Collected data:
------------------------------

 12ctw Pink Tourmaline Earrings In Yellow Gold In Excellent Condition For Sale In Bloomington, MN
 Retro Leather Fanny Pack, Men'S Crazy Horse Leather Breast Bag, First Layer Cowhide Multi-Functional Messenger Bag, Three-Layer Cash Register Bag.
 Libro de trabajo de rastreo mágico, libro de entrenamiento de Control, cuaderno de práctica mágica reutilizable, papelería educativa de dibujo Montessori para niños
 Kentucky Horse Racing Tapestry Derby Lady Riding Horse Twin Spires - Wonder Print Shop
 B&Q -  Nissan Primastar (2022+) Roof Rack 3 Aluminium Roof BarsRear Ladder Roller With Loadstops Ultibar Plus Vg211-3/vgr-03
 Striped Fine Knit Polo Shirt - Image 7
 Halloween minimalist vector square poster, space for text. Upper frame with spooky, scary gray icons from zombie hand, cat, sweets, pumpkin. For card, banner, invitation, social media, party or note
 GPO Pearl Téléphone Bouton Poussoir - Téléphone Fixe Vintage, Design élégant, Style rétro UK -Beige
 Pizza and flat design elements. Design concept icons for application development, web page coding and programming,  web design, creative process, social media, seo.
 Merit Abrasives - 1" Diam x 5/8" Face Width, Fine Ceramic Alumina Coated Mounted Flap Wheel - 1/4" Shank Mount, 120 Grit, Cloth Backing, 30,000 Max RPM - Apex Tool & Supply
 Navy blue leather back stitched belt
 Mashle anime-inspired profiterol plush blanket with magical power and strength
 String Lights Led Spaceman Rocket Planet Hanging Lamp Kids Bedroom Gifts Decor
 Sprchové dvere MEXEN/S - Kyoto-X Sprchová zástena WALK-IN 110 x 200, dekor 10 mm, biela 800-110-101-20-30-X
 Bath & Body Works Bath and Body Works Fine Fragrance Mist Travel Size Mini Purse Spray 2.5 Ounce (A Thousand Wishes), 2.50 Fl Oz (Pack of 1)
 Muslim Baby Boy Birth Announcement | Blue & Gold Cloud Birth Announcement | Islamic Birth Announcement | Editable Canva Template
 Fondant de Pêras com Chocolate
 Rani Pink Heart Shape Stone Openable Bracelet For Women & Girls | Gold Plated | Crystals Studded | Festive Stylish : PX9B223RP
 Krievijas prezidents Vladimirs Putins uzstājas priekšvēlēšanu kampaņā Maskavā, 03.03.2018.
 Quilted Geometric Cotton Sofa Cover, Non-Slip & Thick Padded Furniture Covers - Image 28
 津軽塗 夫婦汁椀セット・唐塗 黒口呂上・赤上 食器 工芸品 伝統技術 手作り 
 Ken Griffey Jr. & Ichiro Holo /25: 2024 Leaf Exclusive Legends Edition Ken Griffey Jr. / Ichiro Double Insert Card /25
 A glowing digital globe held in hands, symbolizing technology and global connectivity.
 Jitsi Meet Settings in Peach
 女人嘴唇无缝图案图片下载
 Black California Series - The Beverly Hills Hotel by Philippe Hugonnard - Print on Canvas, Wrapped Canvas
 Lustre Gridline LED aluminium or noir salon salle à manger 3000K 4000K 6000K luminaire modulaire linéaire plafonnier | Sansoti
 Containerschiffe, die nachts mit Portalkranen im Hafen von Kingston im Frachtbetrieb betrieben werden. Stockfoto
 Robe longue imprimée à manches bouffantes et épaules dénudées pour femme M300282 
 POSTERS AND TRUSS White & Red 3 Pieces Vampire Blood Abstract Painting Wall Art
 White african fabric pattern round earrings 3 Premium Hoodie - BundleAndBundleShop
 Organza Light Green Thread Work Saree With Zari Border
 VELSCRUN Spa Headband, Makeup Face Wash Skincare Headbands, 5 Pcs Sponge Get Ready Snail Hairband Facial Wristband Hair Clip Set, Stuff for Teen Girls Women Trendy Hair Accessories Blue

------------------------------

Task objective:
Among the entries, find each line that includes the string "Pack" and copy it.

Result below:
 Retro Leather Fanny Pack, Men'S Crazy Horse Leather Breast Bag, First Layer Cowhide Multi-Functional Messenger Bag, Three-Layer Cash Register Bag.
 Bath & Body Works Bath and Body Works Fine Fragrance Mist Travel Size Mini Purse Spray 2.5 Ounce (A Thousand Wishes), 2.50 Fl Oz (Pack of 1)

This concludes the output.